BERITA TERKINIHEADLINEHUKUM & KRIMINALPOLITIK

Dugaan Korupsi Dana Hibah Pilkada 2024, KSB KPU Prabumulih Ditetapkan Tersangka

×

Dugaan Korupsi Dana Hibah Pilkada 2024, KSB KPU Prabumulih Ditetapkan Tersangka

Sebarkan artikel ini

Langsung Bermalam di Rutan

MATTANEWS.CO, PRABUMULIH – Penyidikan dugaan korupsi dana hibah Pilkada Prabumulih 2024 terus bergulir. Kejaksaan Negeri (Kejari) Prabumulih resmi menetapkan tiga orang tersangka, Jumat (3/10/2025) malam.

Ketiga tersangka tersebut yakni Ketua, Sekretaris dan Bendahara (KSB) KPU Prabumulih berinisial MD, YA, dan SH. Usai ditetapkan, ketiganya langsung ditahan dan dititipkan di Rutan Kelas IIB Prabumulih.

Kajari Prabumulih, Khristiya Lutfishandi SH MH, melalui Kasi Pidsus Safei SH MH didampingi Kasi Intel Ajie Marta SH membenarkan hal itu.

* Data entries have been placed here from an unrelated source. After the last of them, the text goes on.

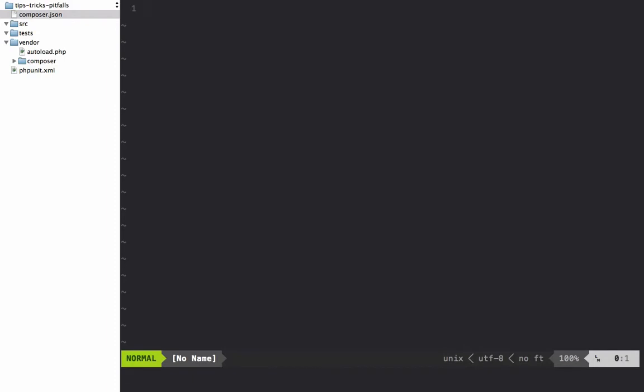In this lesson we're going to discuss the tricky act of testing system functions like time or file_get_contents. Let's imagine that I have a class within my source directory and we're just going to call it foo.php.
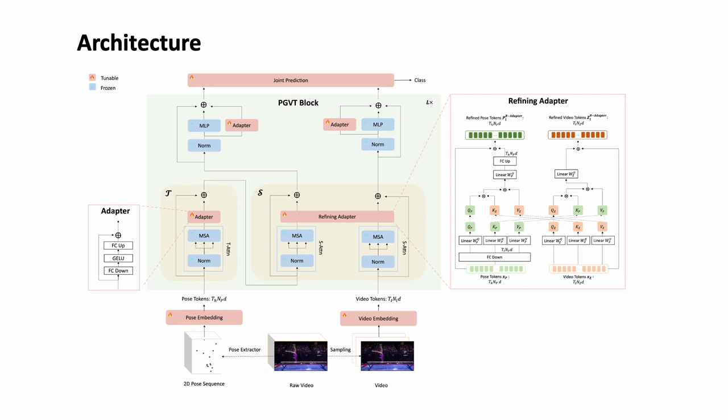This approach ensures that the model can effectively attend to pose-related information and other significant image regions, ultimately enhancing its ability to understand and recognize actions in a more comprehensive manner. By incorporating both spatial and temporal attention, our model can capture the dynamics of pose and appearance-related semantics of pose-guided video.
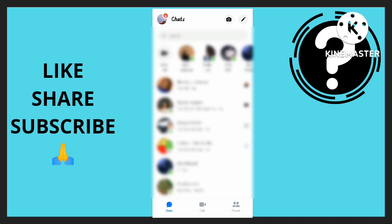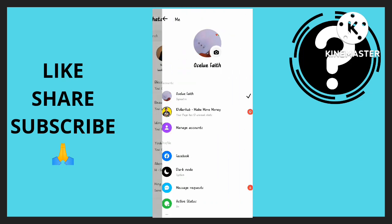Hello guys, in this video I'm going to show you how to turn off notification sounds on Messenger. First, I'm going to go straight to my profile.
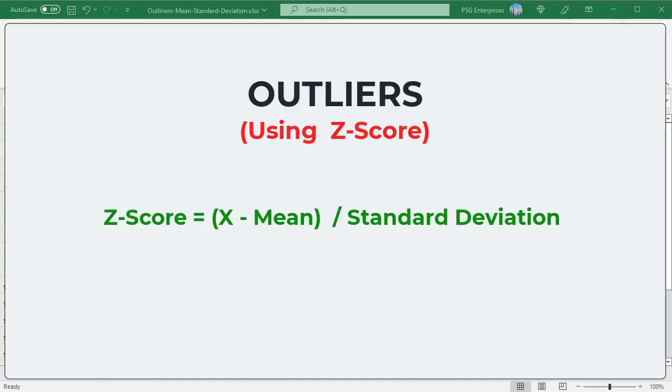Another way of finding outliers is by using the Z score value. The Z score value, also known as the standard score, gives an idea of how far a data point is from the mean. This is the formula for the Z score. X is an individual data value in the distribution.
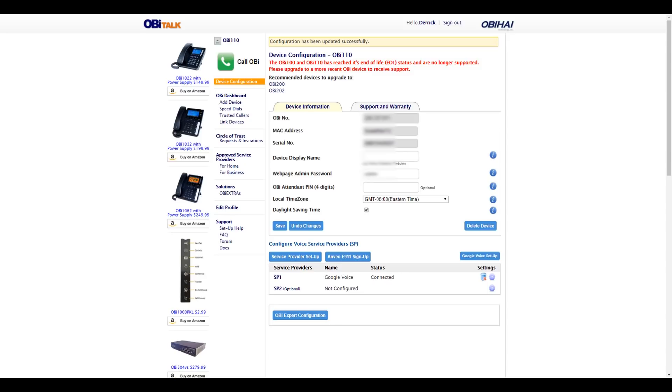There you go. Your Google Voice account is connected. You can start making phone calls. Hope this helped. Enjoy. Take care.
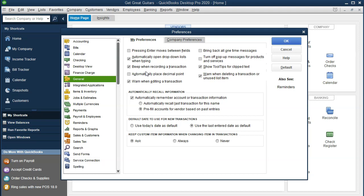Beep when recording a transaction. Some people could be annoyed by this, but it does tell you when a transaction is recorded. If you enter something into the check register, it can be confusing whether the transaction was completed because you hadn't hit that final Enter yet. I'll keep the beep on. If it's annoying to you, go in and turn it off. It can be annoying if you're recording a whole year's worth of checks and it beeps every time you hit Enter, but I'll keep it on for now.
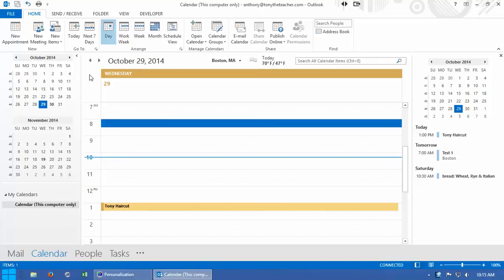Hi ladies and gentlemen, this is Tony Holowitz and I want to talk to you about creating a new calendar.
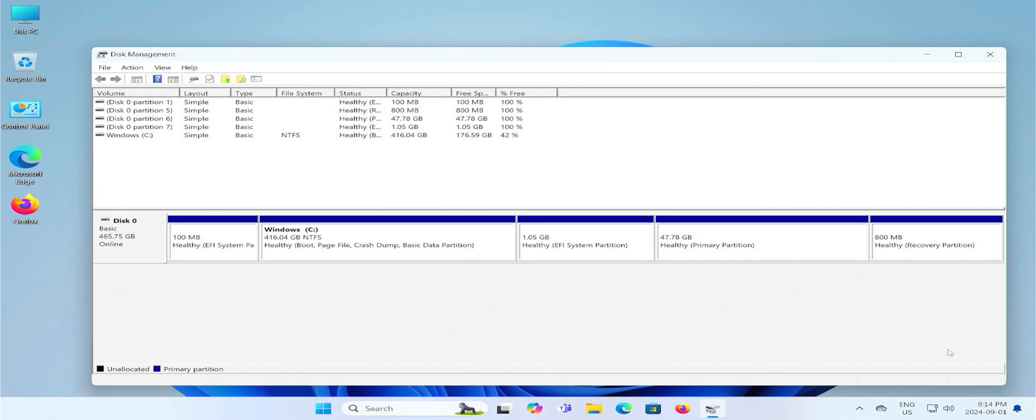So that's it. That's how you can install Ubuntu in a dual boot setup with Windows without using a USB drive. I hope this video was useful and I thank you for watching. Bye now.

“Iya, hari ini tiga tersangka dugaan korupsi dana hibah KPU Prabumulih, Pilkada 2024 telah kita tetapkan, yaitu MD, YA, dan SH,” jelas Safei, sambil menyebutkan, modusnya penggunaan dana hibah tidak sesuai rencana ditetapkan SOP.

Menurutnya, penetapan tersangka dilakukan setelah penyidik melakukan serangkaian pemeriksaan terhadap berbagai pihak, mulai dari Komisioner KPU, Sekretaris, Bendahara, hingga Pj Wali Kota Prabumulih, Pj Sekda, Kepala BKD, Kaban Kesbangpol, dan lainnya.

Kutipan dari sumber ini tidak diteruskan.